La speranza di arrivare a Jovetic è ancora dunque concreta, a dispetto dei proclami di incedibilità recitati da Andrea Della Valle.

EDIN DZEKO

Quello di Edin Dzeko non è certo un nome nuovo nelle trattative estive del mercato della Juventus. Già due anni orsono, nella prima stagione in bianconero, Beppe Marotta fece di tutto per portare la punta bosniaca a Torino: vanamente, dal momento che Edin rimase un altro anno in Germania, prima del trasferimento, nel 2011, al Manchester City di Mancini.

E proprio al calciomercato del club inglese è strettamente legato il possibile arrivo di Dzeko in bianconero. Se il City acquistasse una punta di spessore internazionale - vedi Van Persie - servirebbe un sacrificio in attacco.

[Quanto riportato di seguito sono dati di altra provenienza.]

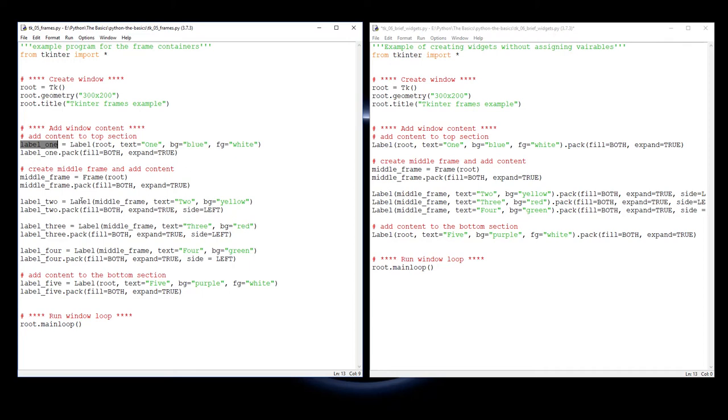But if you're just putting a label onto the screen which isn't going to be referenced at any future time, you can do the creation of the label and the pack in one line of code like I have done over here.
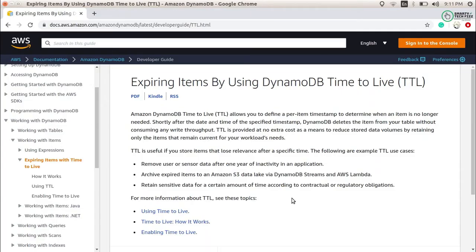When we are working on any programming language or we have any database where we are storing data, we generally come across a scenario where we want to delete certain types of data after a period of time — after the expiration of something we don't want after a year or month. For this, either you need to delete it manually or create a process or application which will delete it automatically.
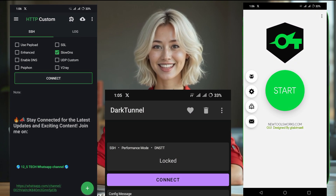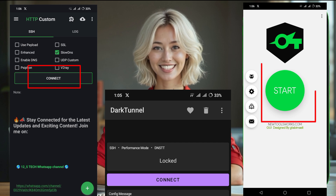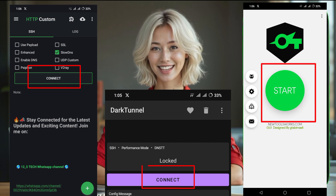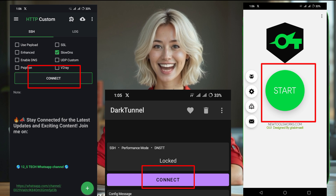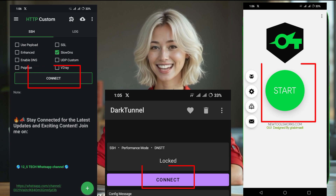Now that you've successfully downloaded and imported the slow DNS config files into HTTP Custom, Sock SIP Tunnel, and Dark Tunnel VPN, you're ready to enjoy fast, secure browsing with any of these VPNs. If you need more guidance or details, make sure to check out my blog and subscribe to my channel for more tech tutorials. Don't forget to like, share, and subscribe. Thanks for watching and I'll see you in the next video.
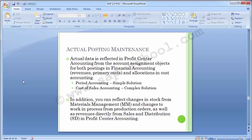This completes the configuration steps for profit center accounting. We have covered master data and actual postings in today's training session. We will see you in the next training session for unit testing and transaction testing — once we complete cost center accounting, we can do transactions and see how profit centers, cost centers, and cost elements flow in the SAP system along with the different reports. Thank you.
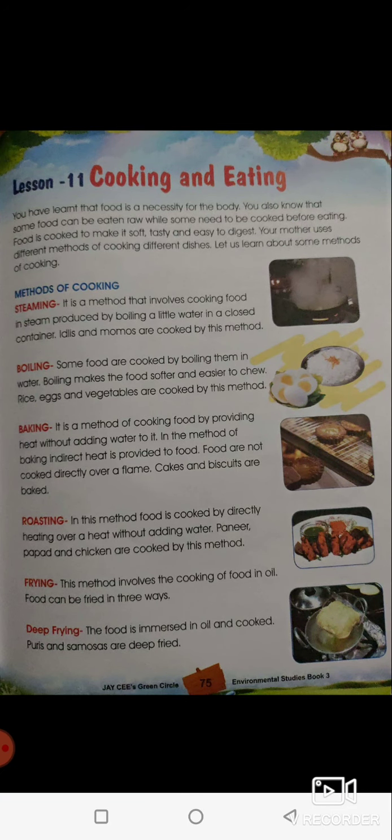Good morning students. In our last class, from the lesson 'Cooking and Eating,' we learned that food is a necessity for the body — it is very important to get enough strength to work and play. We need to learn different methods of cooking food, because we cannot eat all food items raw. Except fruits, some greens, and medicinal leaves like tulsi can be eaten raw.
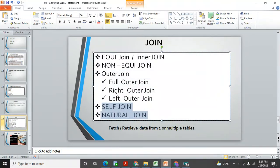Hello once again, I'm Mangesh. Today I'm continuing with joins because in the previous video we learned what is the equi join, what is the non-equi join, what is the outer join — we saw those examples. In this video I'm continuing with self-join and natural join, these are two more types of joins.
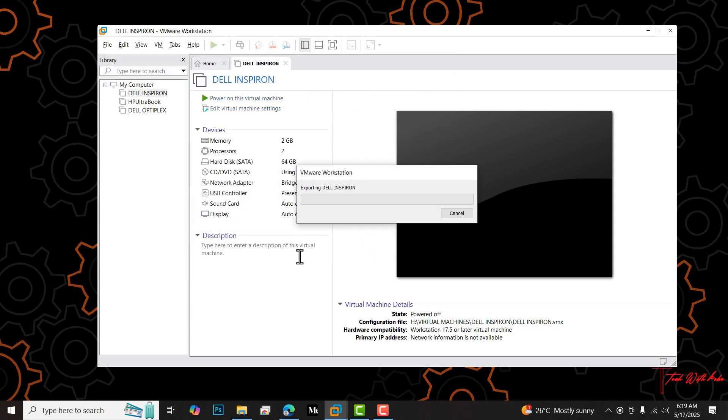Dell Inspiron and then I click save. The moment I do that and click save, the process of exporting the virtual machine starts. You're going to see the progress but it's going to continue with exporting the VM.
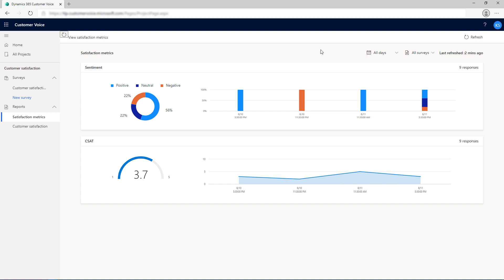You can filter the charts by using the time filter, or select a survey for which you want to see the charts.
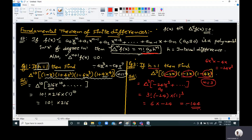In this way we can complete the problem. The fundamental theorem of finite differences is very useful when we have to find higher order forward differences of a polynomial. In the next video I will give some more problems on finite differences. Thank you very much.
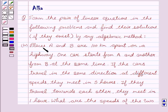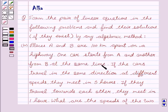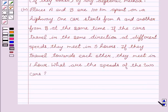The problem is: places A and B are 100 km apart on a highway. One car starts from A and another from B at the same time. If the cars travel in the same direction at different speeds, they meet in 5 hours. If they travel towards each other, they meet in 1 hour. What are the speeds of the two cars?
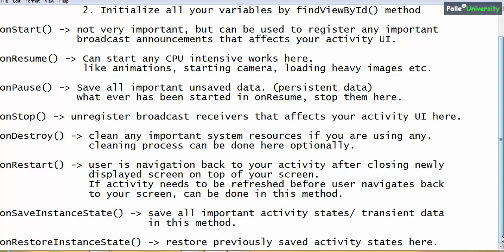Coming to onSaveInstanceState — the programmer should save all important activity states or transient data, meaning temporary data, in this method. In onRestoreInstanceState, the programmer should restore previously saved activity states. You may get confused between onPause and onSaveInstanceState — in onPause I say save persistent data, and in onSave I say save transient data. Let me explain the difference so you understand what to do in each method.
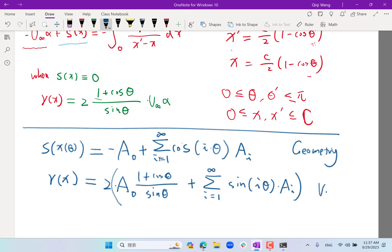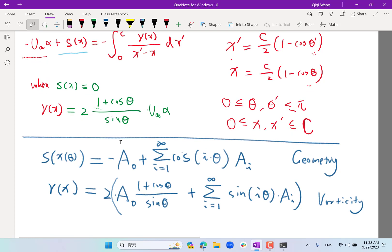This set of equations takes you from the geometry of the camber line to the vorticity distribution. Once you know the geometry, you can determine A0, A1, etc. But how do we go from the vorticity distribution to the pressure distribution on the airfoil, and ultimately to lift, drag, and moments?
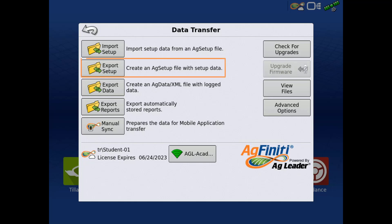Export Setup is used to export items such as management information, guidance lines, product names, and boundaries in the display. These items will export as an Ag Setup file. This file can then be imported into another display to have the same information.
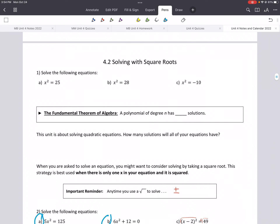Hey guys, this is 4.2, solving by using square roots. So last time we talked about factoring. That's one way we can solve, although factoring doesn't always work — there's not always two numbers that can multiply and add, at least not easily. So another way we can do this is by using square roots, and this works really well when there is only one x and it's being squared.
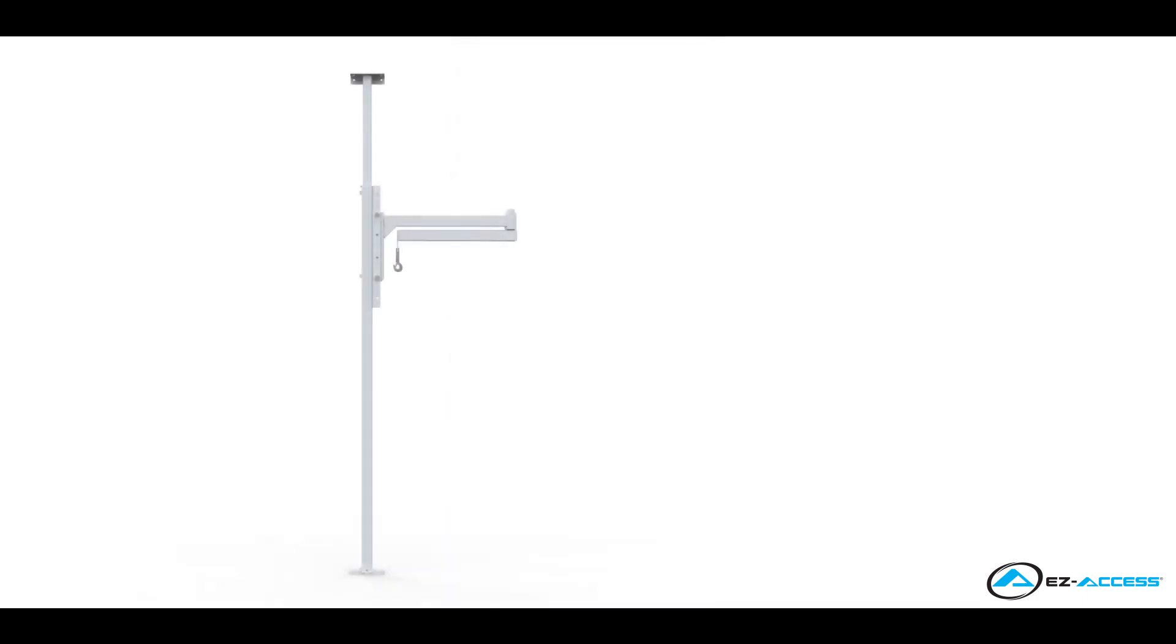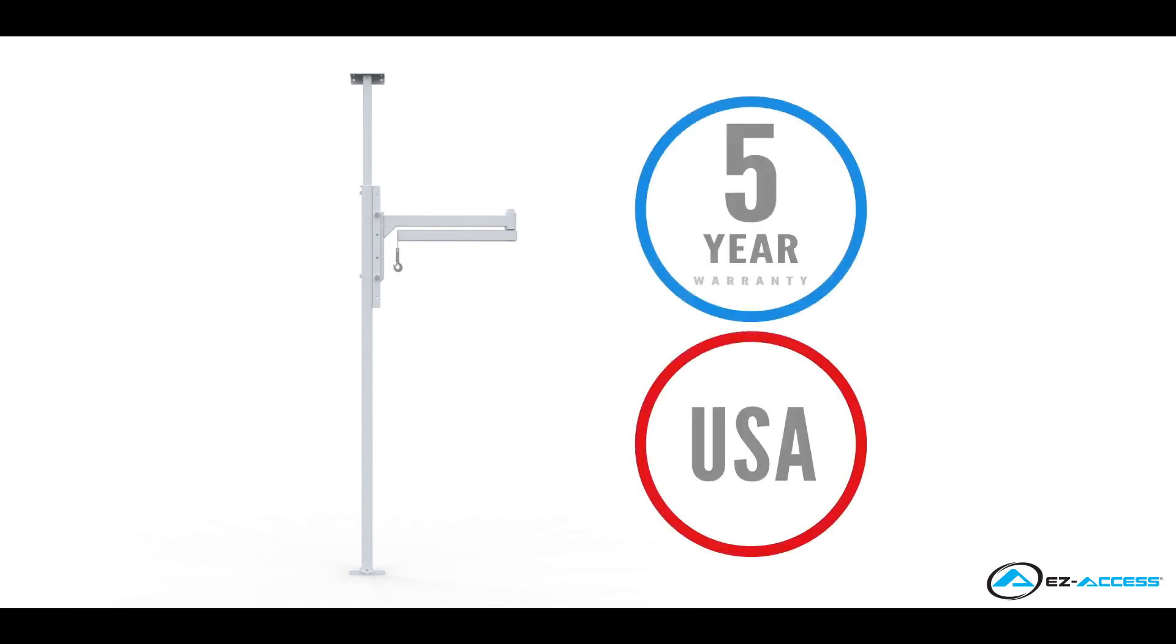The unit is made of steel and is powder-coated white. The Orbit Patient Transfer Lift features our easy-access 5-year warranty and is manufactured in the USA.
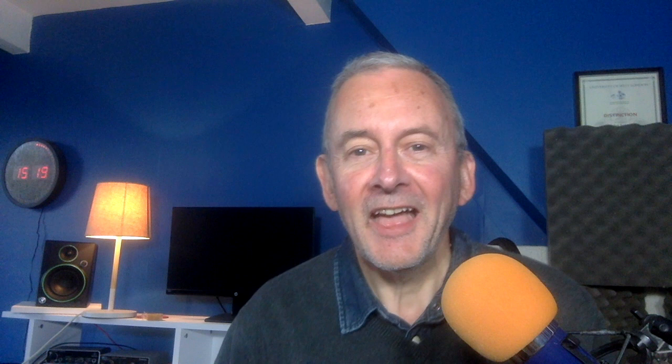OK, thanks very much for watching today. Look after your voice and see you next time. Bye.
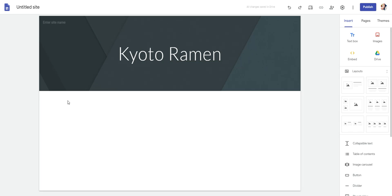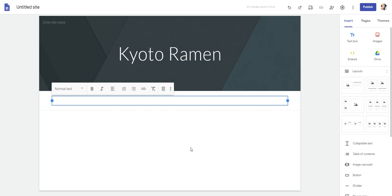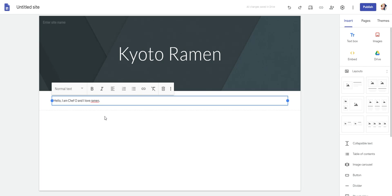When you are done, you will then create a brief introduction. Hello, I am Chef O, and I love ramen. Okay, you will write more than that. You'll have an introduction that says—let me put it in here. Start with why you chose your food.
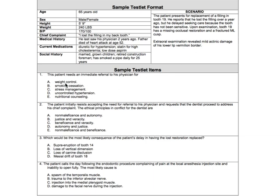Question one asks: this patient needs an immediate referral to his physician for which of the following. Some distractors are that he is obese and has smoked for 25 years, but the main thing to notice is that his blood pressure shows moderate hypertension and he's currently taking a diuretic and low-dose aspirin. His father died of a heart attack at age 52, so all these signs point toward a potential heart issue. He hasn't seen his physician in two years, so he needs immediate referral to get his uncontrolled hypertension taken care of.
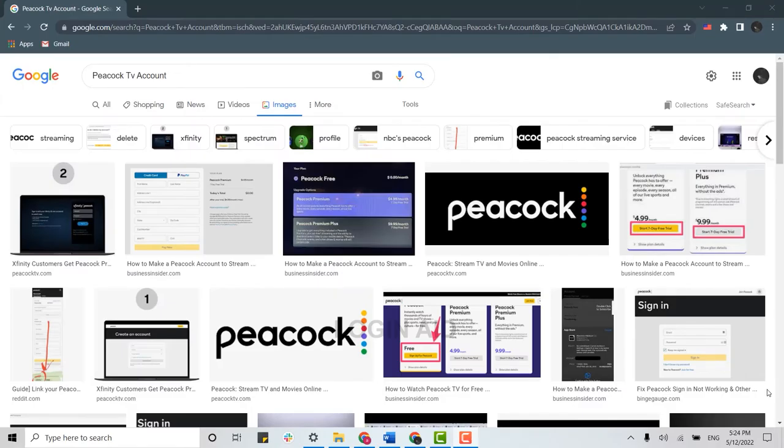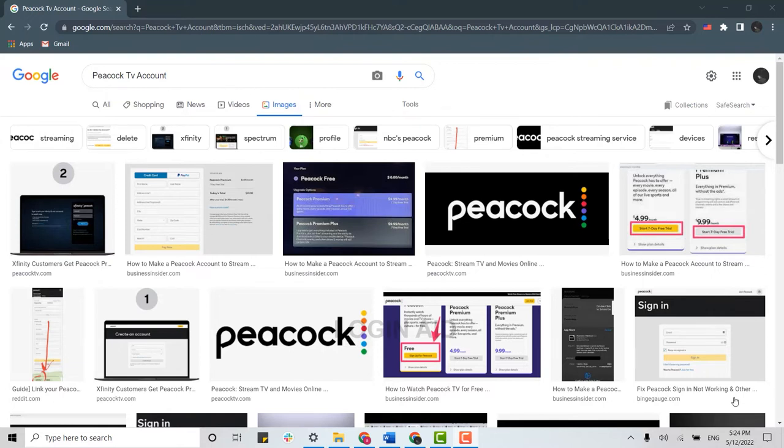Hello everyone, welcome back to the Logging Aid channel. Today for this video, I will be showing you how you can create an account on Peacock TV. First of all, you need to open a browser on your PC.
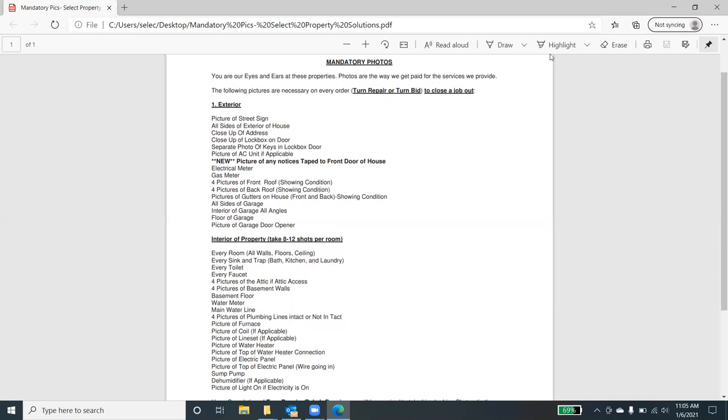We're going to show all sides of the exterior of the house. We're going to show the front, we're going to go to the side. And we really would hope that you could take the pictures in a clockwise format that gives us an almost realistic view of the property as if we were to walk around the property. We want a close up of the address, we want a close up of the lockbox on the door, we want to show a separate photo of the keys that were in the lockbox as well.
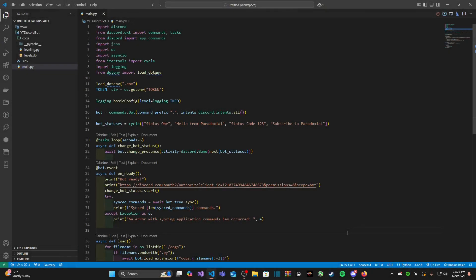Hey guys, Paradoxio here. Welcome back to a brand new video. This is episode 13 of building a Discord bot in Python, 2024 and 2025 edition. In this video I'm going to show you how we can set up a database with our Discord bots and use it to set up an automatic join role system.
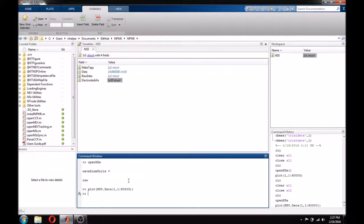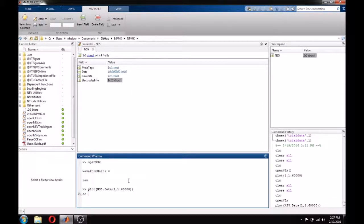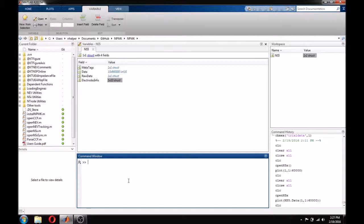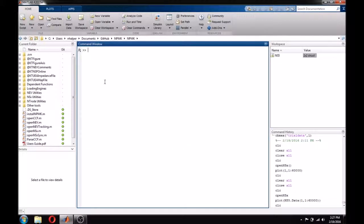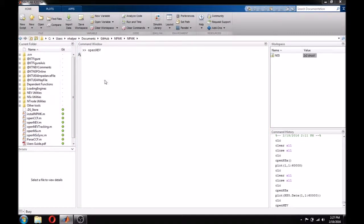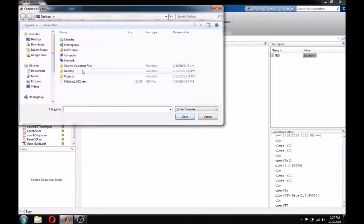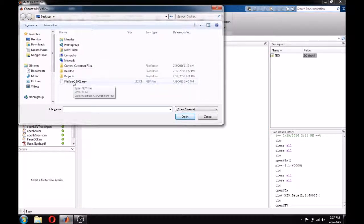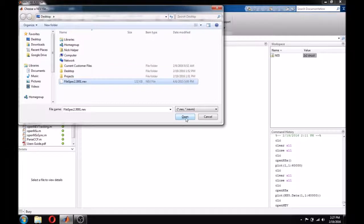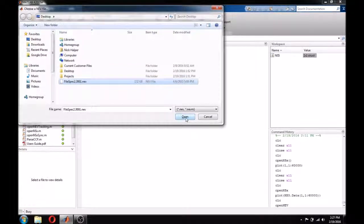With the basics of OpenNSX covered, let's take a look at the slightly more involved OpenNEV. Just like OpenNSX, we can open an NEV file by simply typing OpenNEV. This also opens a file dialog in which we can choose our NEV file. I will choose the NEV file that is paired with the NS5 file that I opened earlier.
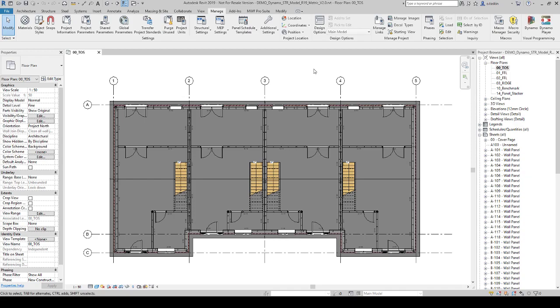Hello everyone. I am Özgür. I am a design consultant in Struxos Solutions. Today, I am going to show you two Dynamo scripts that I've created.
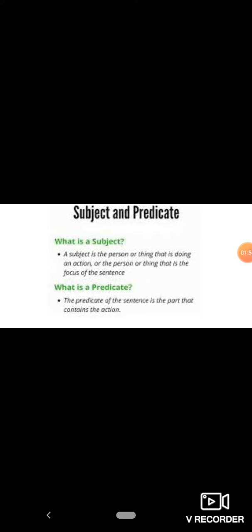The first part is subject, which is the focus of the sentence, and the second part is predicate, the verb of the sentence. We can also say that predicate is the part that tells something about the subject.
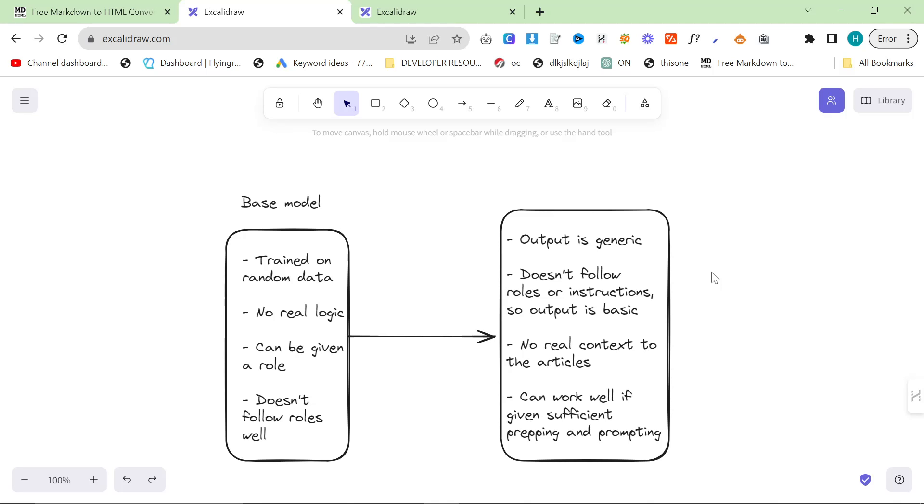I want to talk about the Assistants API and why it's so damn powerful and why it's such a game changer, especially for creating SEO content but also just in general.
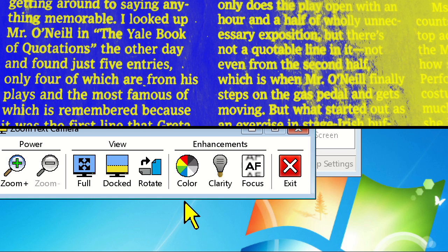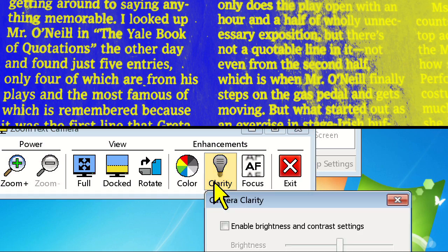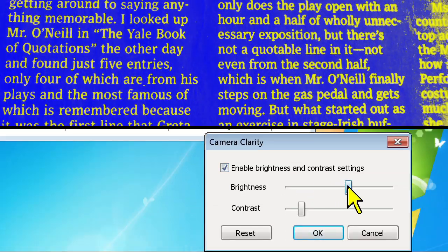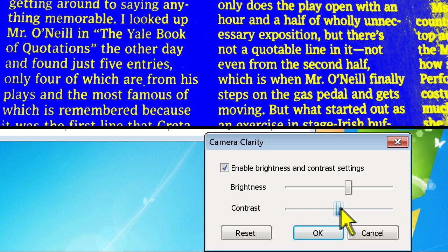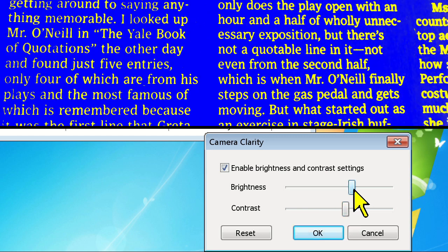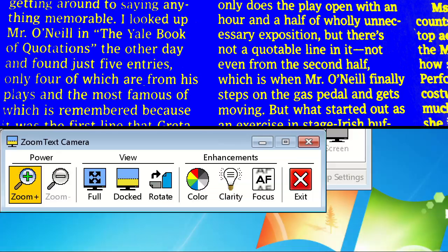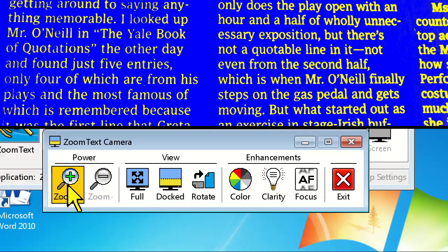Click on the clarity button and check the box to enable brightness and contrast setting, and then we'll adjust the brightness control first, and then move on to the contrast control. This will allow for very bright whites and dark black colors on screen.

Non certo per un discorso economico, quanto per la presenza di troppi galli nel pollaio: il prescelto ad andar via da Manchester, in quel caso, sarebbe quasi sicuramente proprio Dzeko. Per il quale la Juventus, va detto, non ha mai fatto offerte ufficiali, ma solo timidi sondaggi, peraltro unicamente nelle scorse ore.

Inoltre, non bisogna scordare che su Dzeko è vivo e vegeto l’interesse del Milan, che sta ancora valutando se e come sostituire Zlatan Ibrahimovic. Tuttavia, in una ipotetica corse a due contro i rossoneri, la Juventus potrebbe sfruttare a proprio favore gli ottimi rapporti che ha con Silvano Martina, procuratore che cura, in Italia, gli interessi di Dzeko.

Dzeko che, dunque, potrebbe divenire improvvisamente candidato principe ad approdare alla corte di Conte: un discorso ufficiale non è ancora stato intavolato, ma i margini per trattare, come scritto, potrebbero esserci tutti.